The conditions were, as elegantly expressed by brainy frontman James Mercer, “cuckoo caca.” “But luckily, Eric’s superpower is breathing underwater,” he quipped about nearly inundated keyboardist (and sometime Fruit Bat) Eric Johnson.

The weather, however, didn’t dampen the crowd’s enthusiasm. They greeted the lilting “New Slang” with locked eyes and ears like it would, in fact, change their lives as Natalie Portman said so convincingly back in 2004. And the galloping “Sleeping Lessons” got heads — and the umbrellas covering them — bouncing along to the beat.

The band’s less familiar material, which took up a good portion of the 75-minute show, didn’t evoke the same response. Their rendition of “Red Rabbits,” an obscurity from 2007’s Wincing the Night Away that’s essentially a solo crooned by Mercer, was sloppy and uninspiring. Which was sort of understandable: “It’s the first time we’ve done this one live,” Mercer explained beforehand.

The quintet’s new song “Double Bubble” (their contract with Sub Pop up, they’re planning on self-releasing a Wincing follow-up this year) proved similarly underwhelming, bearing a less-than-arresting resemblance to the Police’s Caribbean-accented new wave.

“Nothing at All,” an overlooked and seldom performed B-side — “I played it at a solo show the other night,” Mercer explained, “but that’s it” — was an improvement with its rollicking electric guitar and synths, and Modest Mouse drummer Joe Plummer’s beats and bassist Ron Lewis’ rhythms joining in a hip-shaking good time (longtime drummer Jesse Sandoval and bassist Marty Crandall recently left the band).
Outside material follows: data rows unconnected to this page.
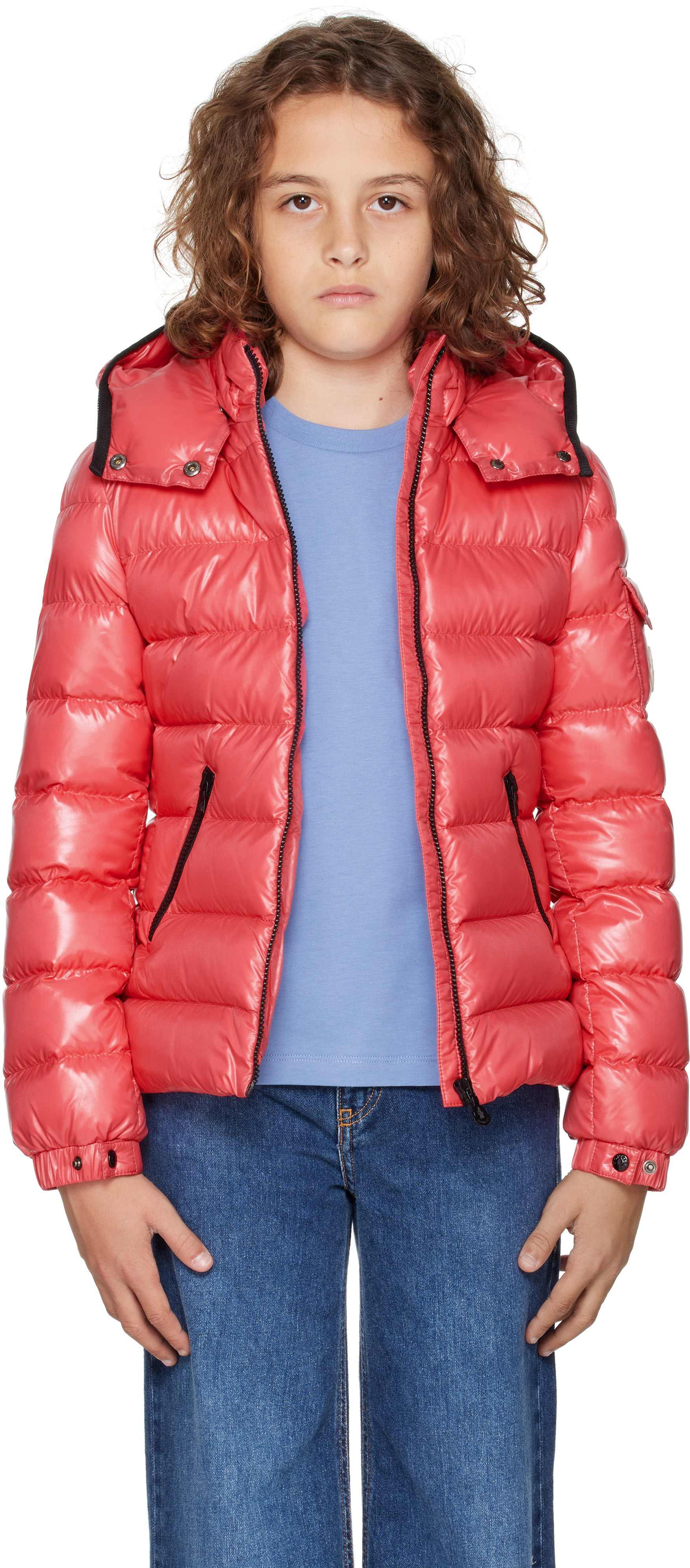Moncler Enfant ジュニア｜ピンク Small Bady ダウンジャケット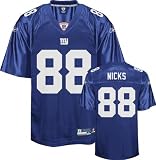 Hakeem Nicks Jersey: Reebok Blue Replica #88 New York Giants Jersey - XX-Large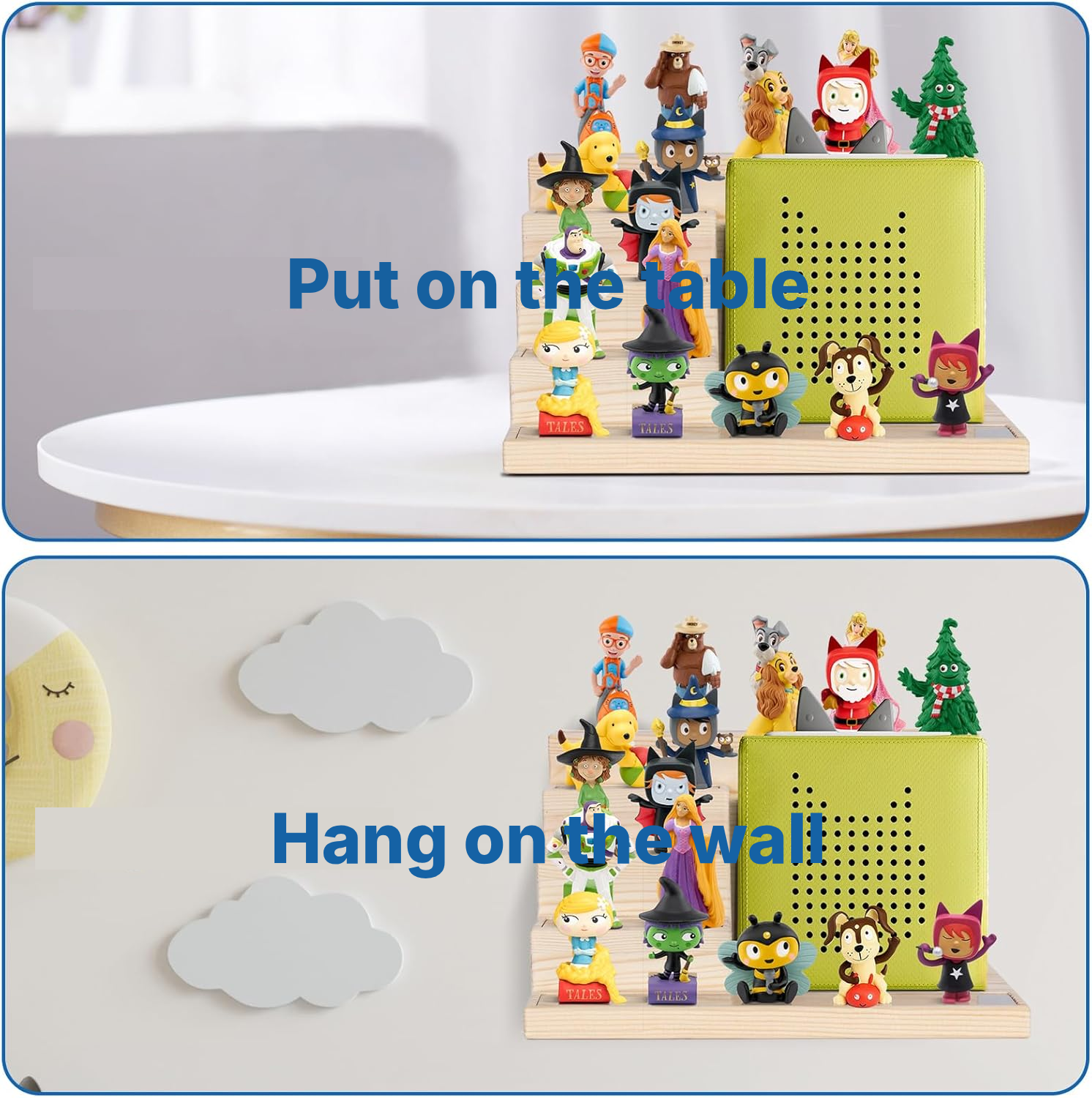 Magnetic Shelf for Toniebox/Tonies – Mini House, 27 cm — 6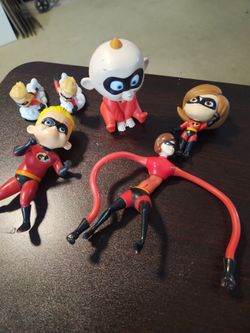 Disney The Incredibles 6 figure lot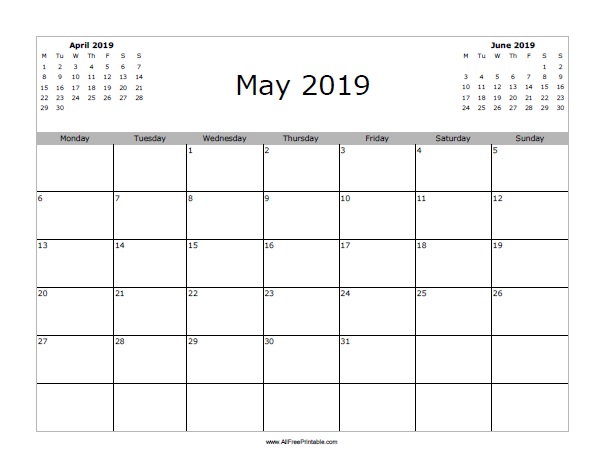 May 2019 Printable Calendar « Printable Hub May 2019 Printable Calendar « Printable Hub
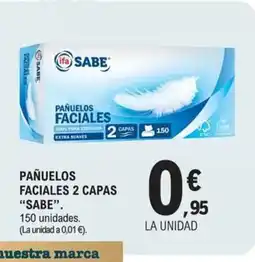 E.Leclerc SABE Pañuelos faciales 2 capas oferta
And, later, they sounded far more sure of themselves when Mercer’s anguished vocals played off the vibrant melodies of “Phantom Limb” (key lyric: “whoa oh oh”), “Australia” (“la la la la”) and the jaunty “Saint Simon” (ditto).

Their encore version of the Beach Boys’ “Girl Don’t Tell Me” was an inspired choice, even prompting a brief incidence of (crowd) surfing. The Shins then closed with “Those to Come,” which recalled one of lead Beach Boy Brian Wilson’s more ethereal efforts.

The Shins’ sound has always been upbeat and gleeful and optimistic. And if they triumph over the just-back jitters at their first show in over a year, and shine through a sideways rainstorm, they’ll have no trouble charming the pants off fans in the warm and cozy clubs on the rest of the tour. Heck, they may even change a few lives along the way.

The Shins / Photo by Steven Friederich
Click To Enlarge!

The Soaked Crowd / Photo by Steven Friederich
Click To Enlarge!

The Shins / Photo by Steven Friederich
Click To Enlarge!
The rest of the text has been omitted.